Sanırım ben bu iletişim meselesinin önemini anlata anlata öleceğim. 2003'ten beri Ankara'da bu konuları o kadar çok anlatırdım ki, Bülent Arınç Bey, kelimeyi bozarak 'işin gücün iletişim' diye şakayla dalga geçerdi benimle. Allah var, TBMM Başkanlığı ve AA döneminde iletişim projelerine en çok önem veren ve bunu başarıyla uygulayan, Meclis'in, AA'nın saygınlığını arttıran siyasetçiydi. İletişim açısından en mutlu yıllarımdı benim de.



İstanbul medya merkezi olabilir mi?



İçimde kalan bir ukdeyi daha yazayım da rahatlayayım.
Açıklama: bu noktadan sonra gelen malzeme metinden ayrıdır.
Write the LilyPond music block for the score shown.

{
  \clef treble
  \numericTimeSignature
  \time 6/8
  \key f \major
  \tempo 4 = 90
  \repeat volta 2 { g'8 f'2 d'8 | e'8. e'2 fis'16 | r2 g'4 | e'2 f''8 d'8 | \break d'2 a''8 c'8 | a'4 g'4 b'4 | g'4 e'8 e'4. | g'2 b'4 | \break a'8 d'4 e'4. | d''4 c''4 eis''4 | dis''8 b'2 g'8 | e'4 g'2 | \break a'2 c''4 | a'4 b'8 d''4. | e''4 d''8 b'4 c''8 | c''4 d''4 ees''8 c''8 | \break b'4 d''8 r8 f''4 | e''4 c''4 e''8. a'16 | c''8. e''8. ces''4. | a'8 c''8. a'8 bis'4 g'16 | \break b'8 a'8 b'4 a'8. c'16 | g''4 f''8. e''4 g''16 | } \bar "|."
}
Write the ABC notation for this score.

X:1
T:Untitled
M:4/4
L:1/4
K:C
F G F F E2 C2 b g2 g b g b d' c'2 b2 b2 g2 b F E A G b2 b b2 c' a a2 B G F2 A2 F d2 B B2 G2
Nasıl ki havacılık sektöründe bazı şehirler, uçuş merkezleri (Hub) ise, medya sektöründe de böyle şehirler vardır. Londra, New York, Tokyo, Dubai, Pekin gibi şehirler bulundukları bölgenin medya merkezidir ve tüm medyanın buluştuğu yerlerdir.



İstanbul'un da bölgesinin bir medya merkezi olduğunu ama yeterli alt yapı yatırımı yapılmadığını bir fırsatta Cumhurbaşkanı Erdoğan'a anlattım. Bir medya merkezi kurulması halinde, burada tüm dünya medyasının ilgi göstereceğini, söylediğimde onun da ilgisini çekmişti. Hatta havaalanı yakınında bir arsayı hem Anadolu Ajansı, hem de dünya medyası için bir merkez olması için tahsis edilmesini sağladı. Sonra ben AA'daki görevimden ayrıldım, o medya merkezinin peşine düşen de olmadı.



Dubai'de birçok yerde 'medya center' adıyla ilçe büyüklüğünde yerler kuruldu. Ve dünya medyası da buraya büyük ilgi gösterdi. Bir çok tv kanalı her gün oradan canlı yayın yapar halen.



Acaba Kadir Topbaş başkanımız ya da başka bir gönüllü bu konuyu yeniden Cumhurbaşkanımıza açsa ne olur? Böylece, nasıl ki 3. Havalimanı İstanbul'u havacılığın merkezi yapacaksa, güçlü bir medya merkezi de bölgenin medya merkezi yapar İstanbul'u.Ben de şu fani ömrümde, bir hayalim de gerçek oldu diye mutlu olurum, çok mu?



Yazıyı yazarken Davos iletişim zirvesini düzenleyen Ali Murat Hocayla mesajlaşıyoruz: “Maalesef iletişimin önemi anlaşılmadı. Ne yapalım? Hayırlısı olsun” dedi.



Bir gün anlaşılacak eninim. İletişim çağında başka çaresi yok çünkü.